» **Activity**: From the data that follows, set down exactly the lines from the one with "2 комнаты, 50" through the one with "John Deere 1070G avec H212", counting both. Pictures stay out.

--- Data for this exercise ---

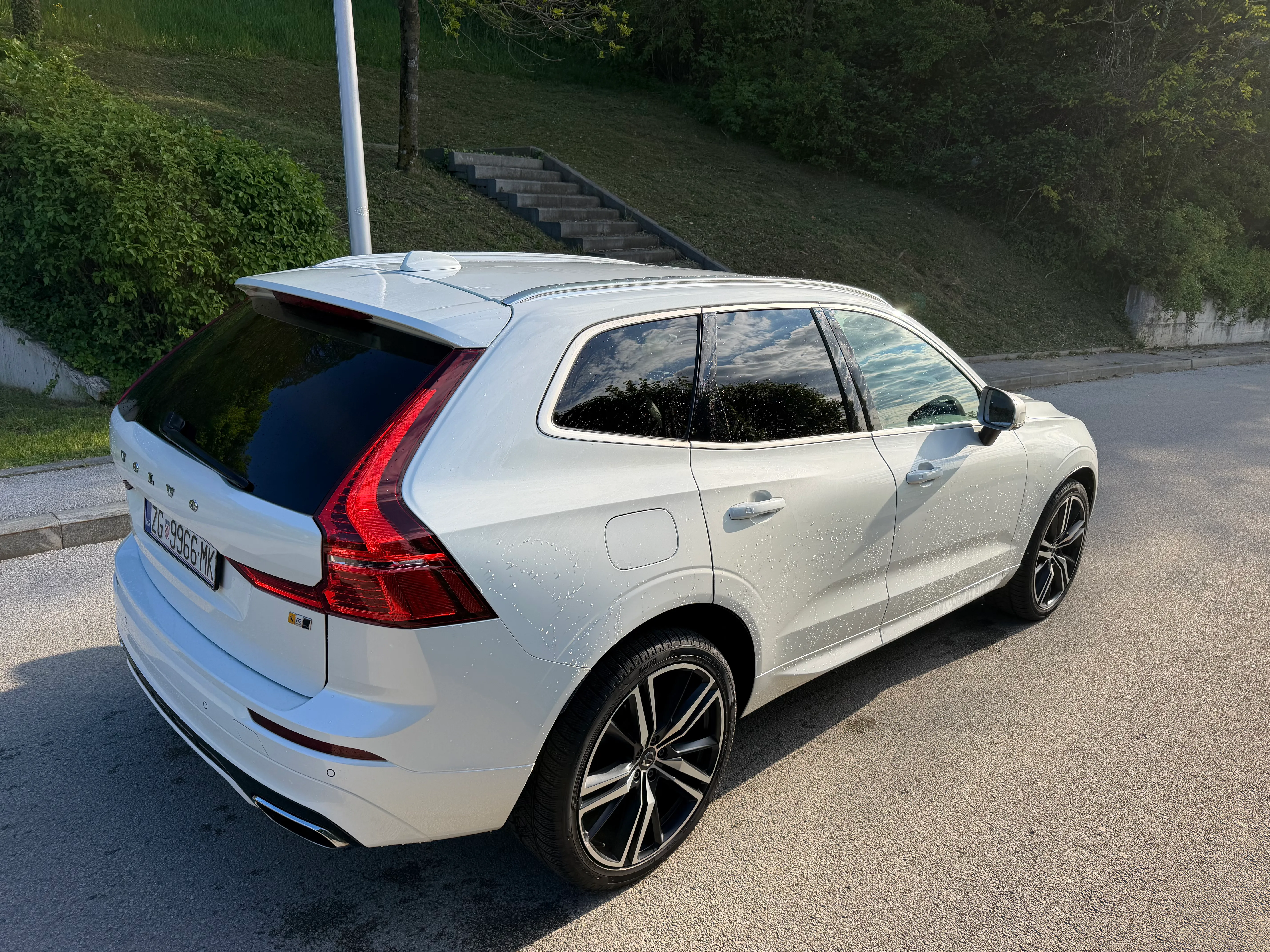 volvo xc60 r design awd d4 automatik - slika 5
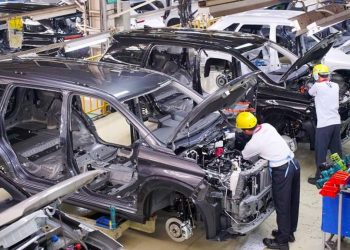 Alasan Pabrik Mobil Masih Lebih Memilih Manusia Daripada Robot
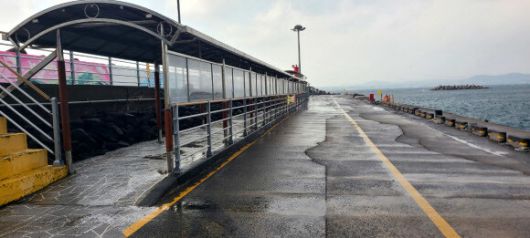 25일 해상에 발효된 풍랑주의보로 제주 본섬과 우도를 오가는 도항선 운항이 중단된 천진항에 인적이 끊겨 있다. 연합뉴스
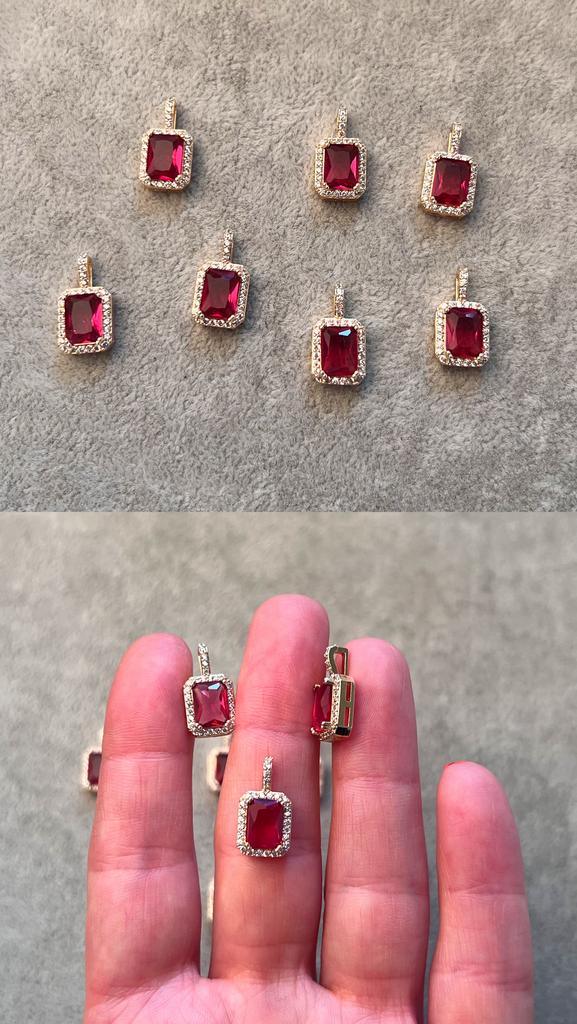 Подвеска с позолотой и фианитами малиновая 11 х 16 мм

---
--- Data for this exercise ---

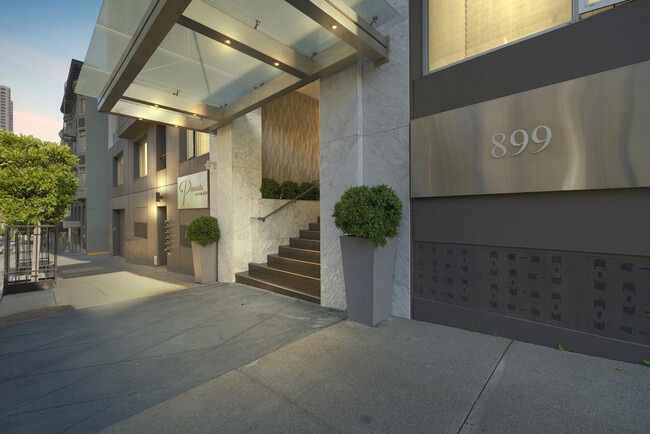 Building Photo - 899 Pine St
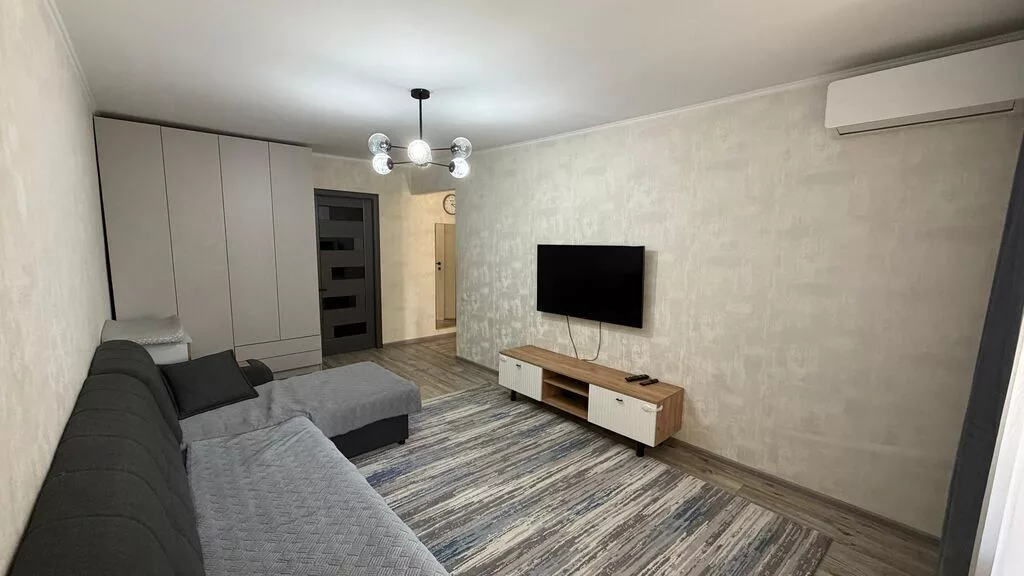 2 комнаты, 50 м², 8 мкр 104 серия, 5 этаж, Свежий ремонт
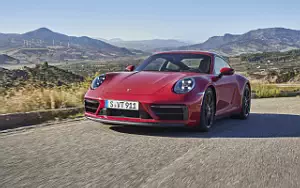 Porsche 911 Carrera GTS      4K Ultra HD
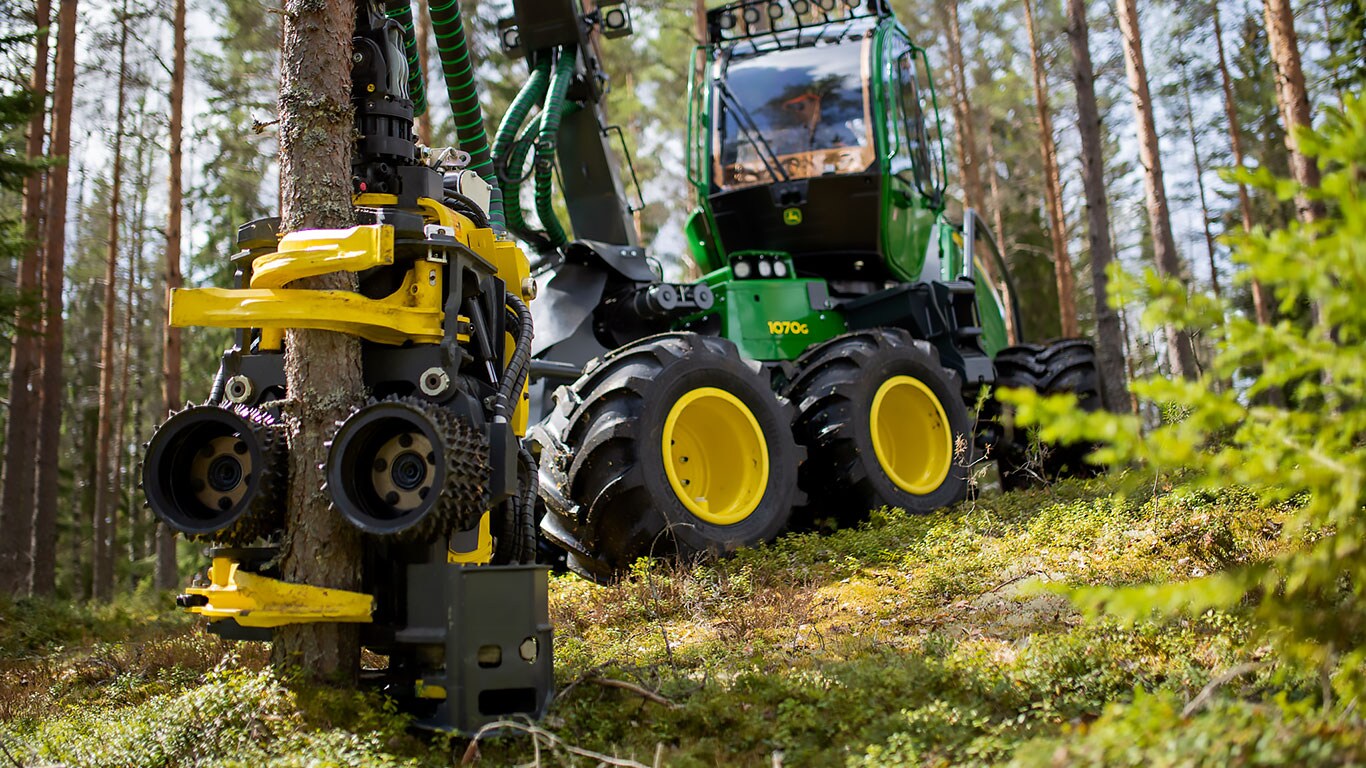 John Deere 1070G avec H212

---

» **Output of the task**:
 2 комнаты, 50 м², 8 мкр 104 серия, 5 этаж, Свежий ремонт
 Porsche 911 Carrera GTS      4K Ultra HD
 John Deere 1070G avec H212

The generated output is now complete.